True Reconciliation by Jody Wilson-Raybould
A very honest picture of what has happened with colonization in Canada, how it continues, and how the effects of colonization affect Indigenous people in Canada to this day. It's thesis is based on the 94 calls to action to the Canadian federal government for reconciliation with the Indigenous population, and addresses them as the bare minimum towards True Reconciliation. Includes both empirical and anecdotal evidence (which are equally valid) towards historical relations, as well as modern. A good start for anyone interested in the Landback and Idle No More movements in the Canadian context.
Abolition
Captive Genders: Trans Embodiment and the Prison Industrial Complex eds. Eric A. Stanley & Nat Smith
A collection of essays from people who have experienced imprisonment firsthand and those who are advocating for an end to prisons and the abolitionist movement. Very good reader for gender studies/queer theory as it relates to the carceral context.

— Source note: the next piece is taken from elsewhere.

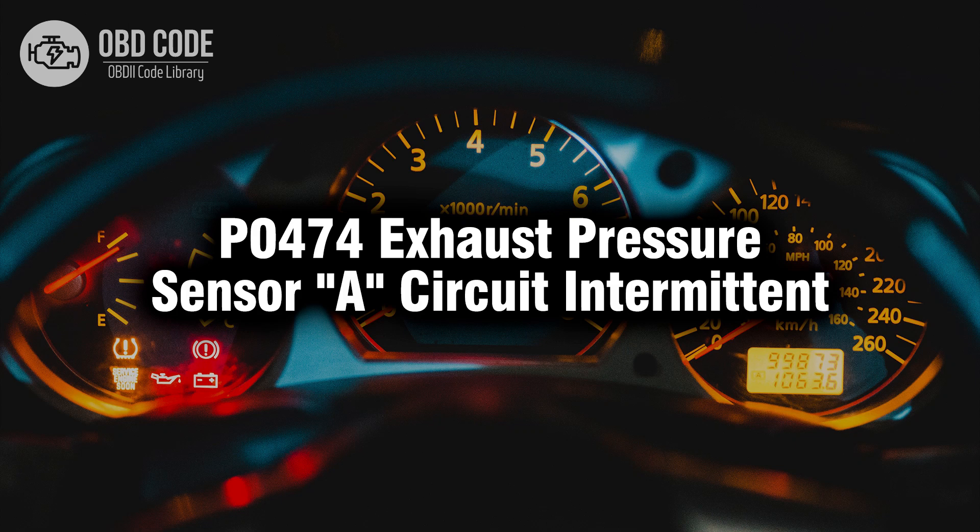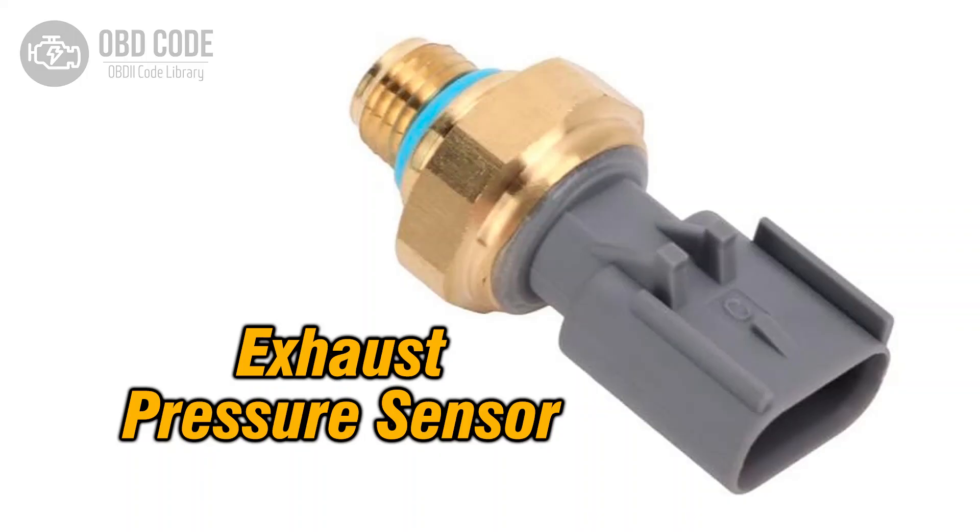Welcome. In this video we will talk about code P0474, its symptoms, causes and possible solutions. The P0474 trouble code indicates an intermittent voltage signal from the exhaust pressure sensor circuit. This sensor is crucial for monitoring exhaust pressure levels within the exhaust system, providing essential data to the engine control module (ECM) for efficient engine operation and emissions control.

Discipline and Punish: The Birth of the Prison by Michel Foucault
Look, we know philosophy is long-winded. We know that French Philosophers say a lot of things, and the text is quite old, and this, that and the third. It's like eating broccoli, though, in terms of abolitionist theory. There are far newer texts that expand on far more interesting contexts, such as intersectionality. Use Foucault as a jumping off point for the deeper stuff. Post-structuralist philosophy begins with Foucault, Lacan, de Beauvoir, Irigaray, and then moves to the Judith Butlers of the field. Foucault is the "proto-punk" to the new wave movement, as narrow as his perspective may be in 2025.

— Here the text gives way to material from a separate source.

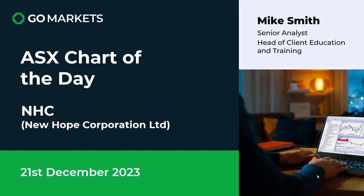Welcome to your ASX chart of the day, and today we are looking at Newhawk Corporation Limited, ticker code NHC, a business in the materials sector with a focus particularly on energy. Coal is a big part of their portfolio, as well as oil and gas.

Mutual Aid: Building Solidarity During This Crisis (And The Next) by Dean Spade
A modern take on mutual aid work (the work we do to build community and foundations with the people we intend to also organize with) and survival work. Spade posits his guide in the perspective of the (ongoing) Covid-19 pandemic, and what we must do to survive. An approachable text for anyone unfamiliar with organizing, or want to organize more effectively in a pandemic.
Disability Justice & Advocacy
Biography & Memoir
Stone Butch Blues by Leslie Feinberg
This is an ice cold take, but this is a quintessential read for anyone on the borders of gender and sexuality. Feinberg draws heavily on lived experience, as well as the queer cultural context between the 1940s and 1980s in the United States. Be aware that there is frank and honest mention of homophobia (specifically lesbophobia), "corrective" sexual violence, anti-Semitism, classism, police brutality, gender transition, and more.
Gender Failure by Rae Spoon and Ivan Coyote
Spoon and Coyote illustrate the various ways in which they failed to conform to not only specified gender roles, but gender itself. We recommend this book because it gives quite a frank idea of what it's like to be non-binary and/or GNC in rural parts of Canada.
Tomboy Survival Guide by Ivan Coyote
(The Editor's acknowledges bias as being non-binary and Canadian). One of Coyote's best books, in the editor's opinion. Another honest depiction of growing up GNC/non-binary in rural Canada. Coyote is a living example of how lived experiences, and labels and identities (whether chosen or imparted) shape one's gender as much as their individuality does. The stories and they language that they use is very approachable and warm.